What impact are you making in the community and in the lives of others?

I’m working effortlessly to help change mindsets relating to the financial illiteracy epidemic in my own family, as well as our communities, to help shape financial futures, [correct] misconceptions relating to life insurance, transfer generational wealth, and leave legacies for future generations.

I’m building teams all across the country and sharing financial literacy by training new leaders to become licensed agents in life and health; teaching individuals how to be in business for themselves, but not by themselves–even without a college education.  We sit down and show small business owners and entrepreneurs how to leverage their existing business, with other sources of income flow. We give back to the communities by offering basic courses in financial literacy for ages K-adults, utilizing our private label curriculum.  I also serve on the Mid-Atlantic Make-a-Wish Women’s Leadership Council, where we raise funds to help terminally ill children’s wish dreams come true.

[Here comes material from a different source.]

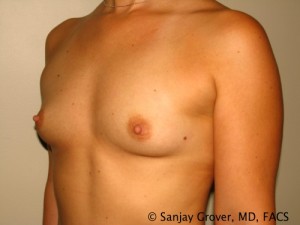 Breast Augmentation Before and After 77 | Grover Aesthetics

Where do you see your business headed in the next three to five years?

I see myself, along with a myriad of business partners, being the integrated solution and the sole source of changing the faces within the financial services industry, particularly among minorities and women. I see myself as one of many successful African American women that are known for fighting for my rights, standing up for what I believe in, refusing to fail, and leading strongly in the financial services industry. None of this would be possible without my faith in God, the support of my husband of 20 years, David M Gregg, Sr., sons Marc and Anthony Watkins, and my parents, Anthony L. Taylor and Wilhelmina T. Frederick.